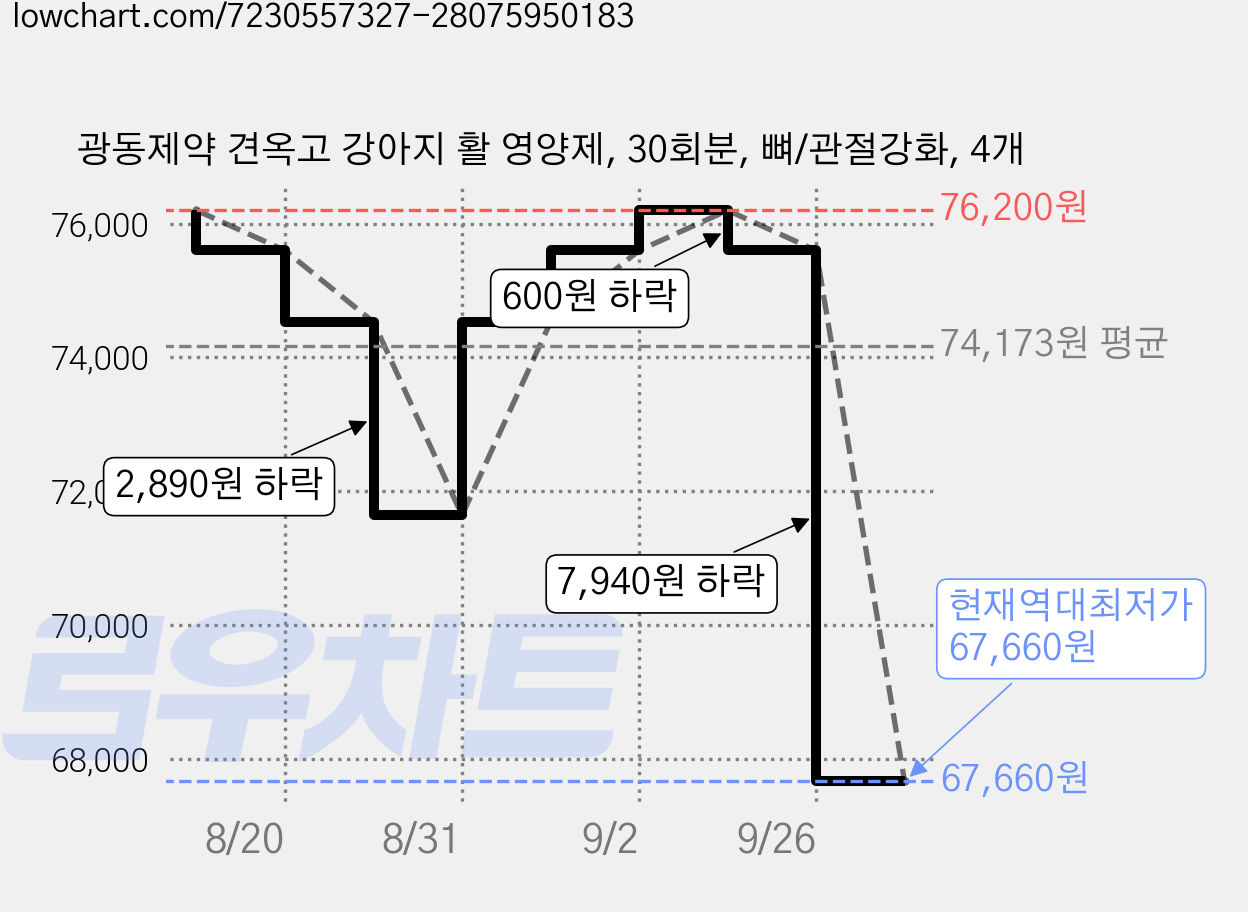 광동제약 견옥고 강아지 활 영양제, 30회분, 뼈/관절강화, 4개 가격 변동 차트, 현재가 67,660원, 역대최저가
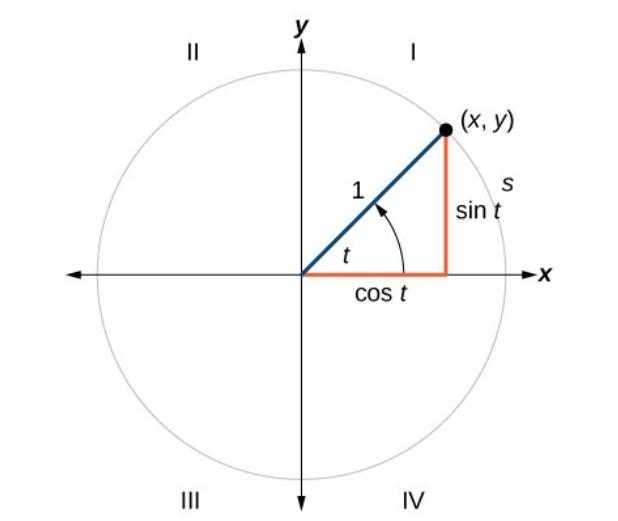 I am having trouble with these questions here. ​-example-1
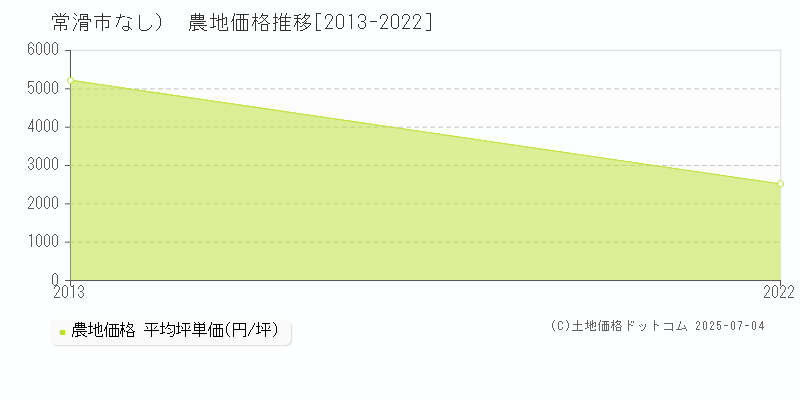 常滑市（大字なし）の農地価格推移グラフ 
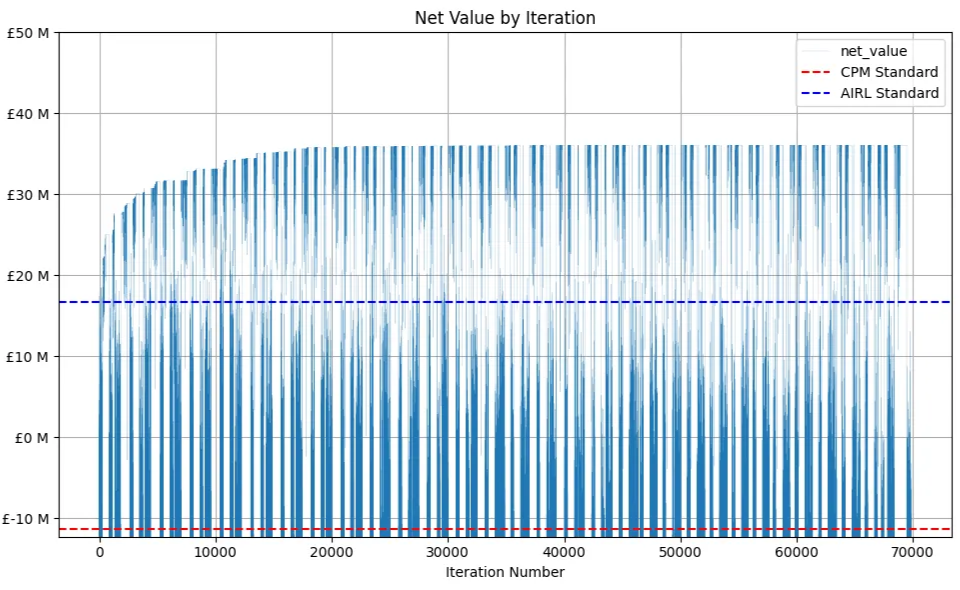 Net value by iteration showing algorithm progress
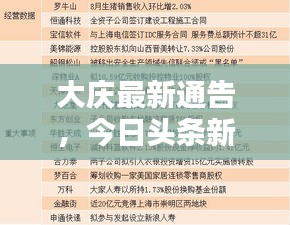 大庆最新通告，今日头条新闻速递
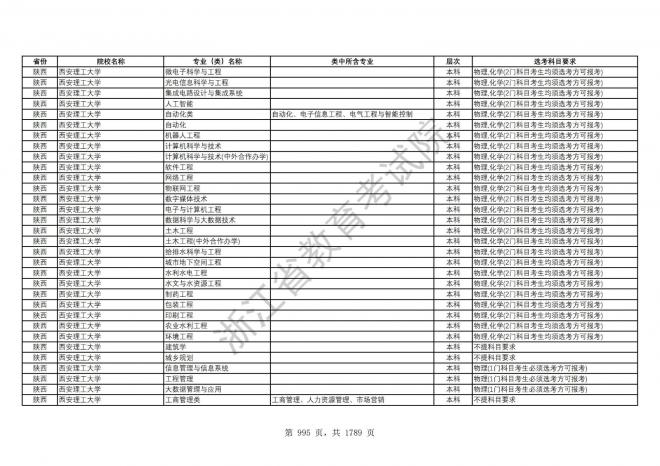 2024年浙江普通高校招生专业选考科目要求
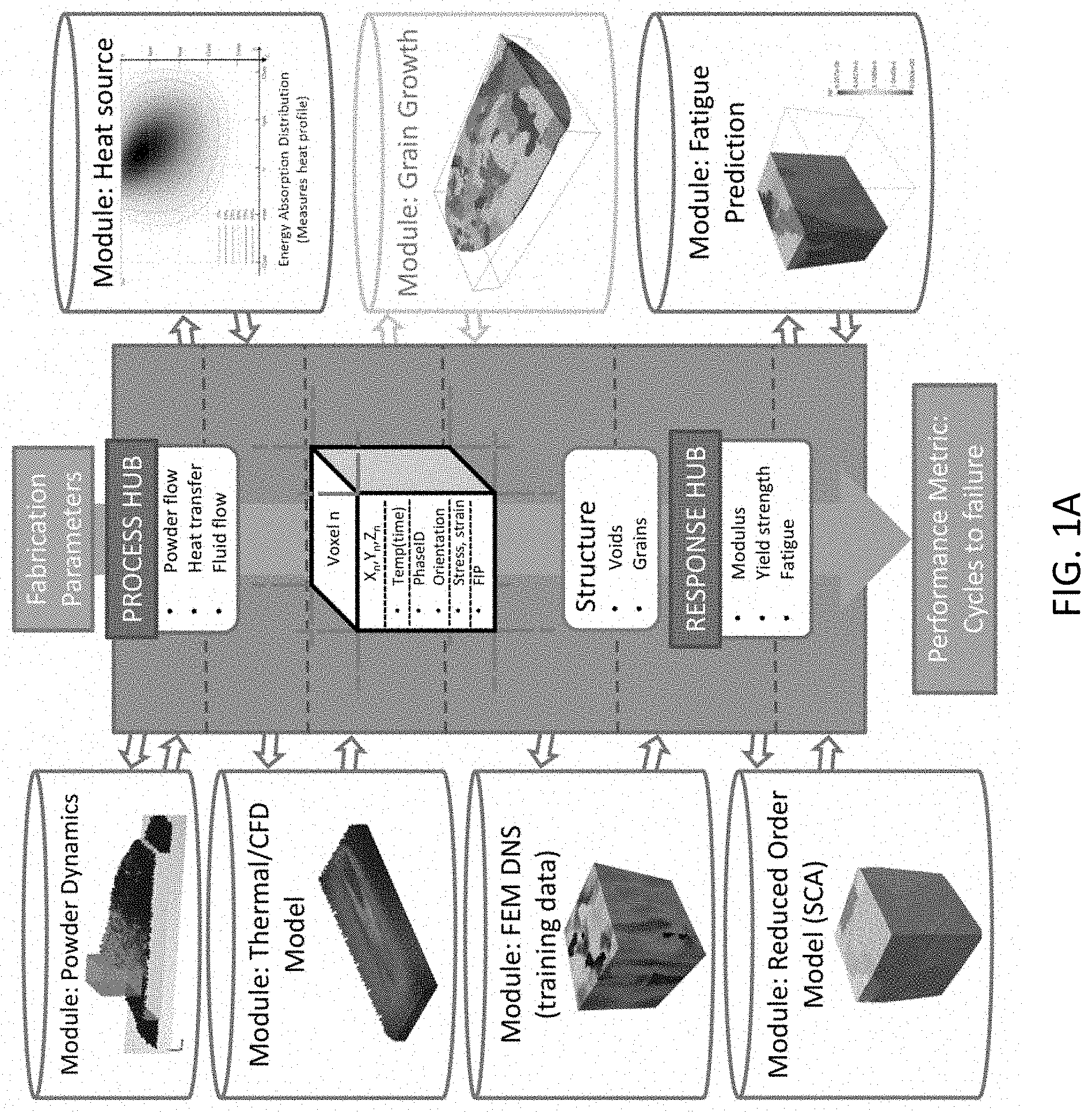 Patent US11783100 Figure 1 – Integrated process-structure-property modeling frameworks and methods for design optimization and/or performance prediction of material systems and applications of same
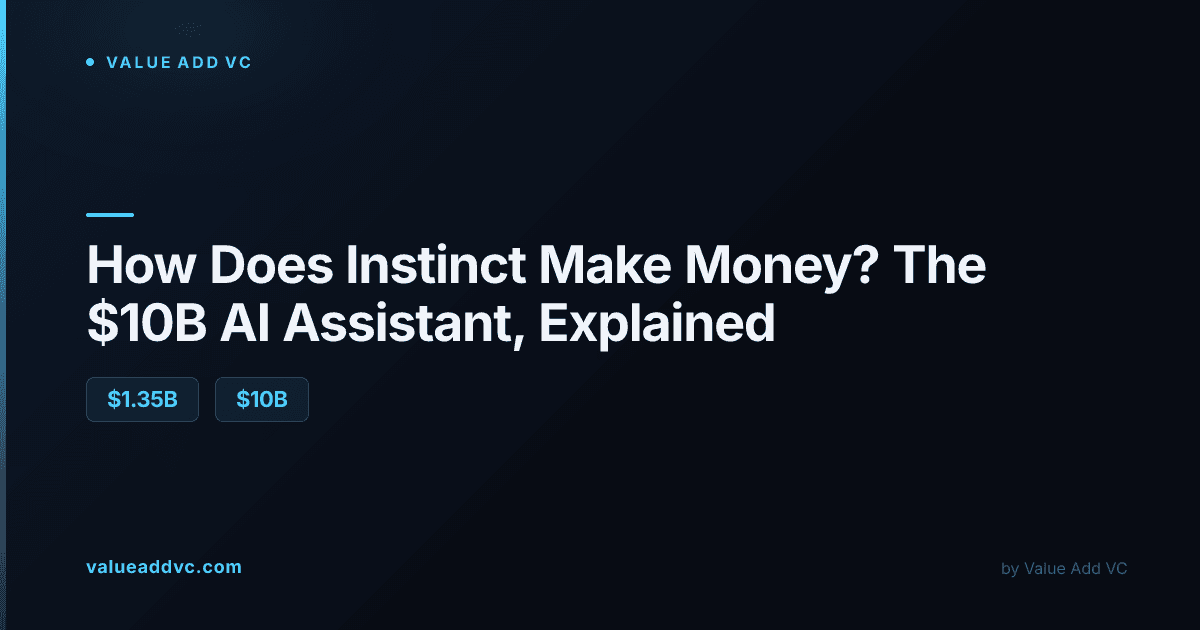 How does Instinct make money: funding history and business model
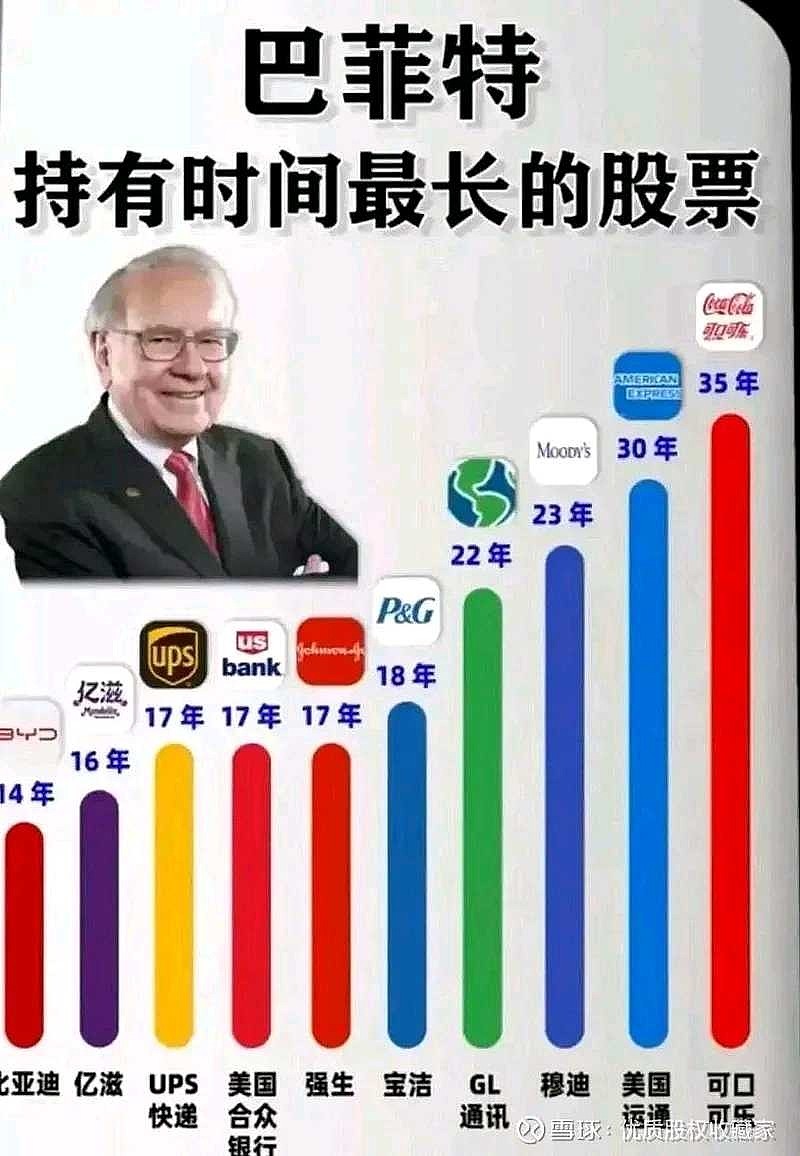 转发：巴菲特最近清仓了持有N年的强生和宝洁，很多价值投资者直呼看不懂……很多人还在买进宝洁和强生，他们刚买完转头...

**YOUR ASSIGNMENT:**
Exactly as written, give the entries above again, with no images.

**ANSWER FOR THE TASK:**
 광동제약 견옥고 강아지 활 영양제, 30회분, 뼈/관절강화, 4개 가격 변동 차트, 현재가 67,660원, 역대최저가
 I am having trouble with these questions here. ​-example-1
 常滑市（大字なし）の農地価格推移グラフ 
 Net value by iteration showing algorithm progress
 大庆最新通告，今日头条新闻速递
 2024年浙江普通高校招生专业选考科目要求
 Patent US11783100 Figure 1 – Integrated process-structure-property modeling frameworks and methods for design optimization and/or performance prediction of material systems and applications of same
 How does Instinct make money: funding history and business model
 转发：巴菲特最近清仓了持有N年的强生和宝洁，很多价值投资者直呼看不懂……很多人还在买进宝洁和强生，他们刚买完转头...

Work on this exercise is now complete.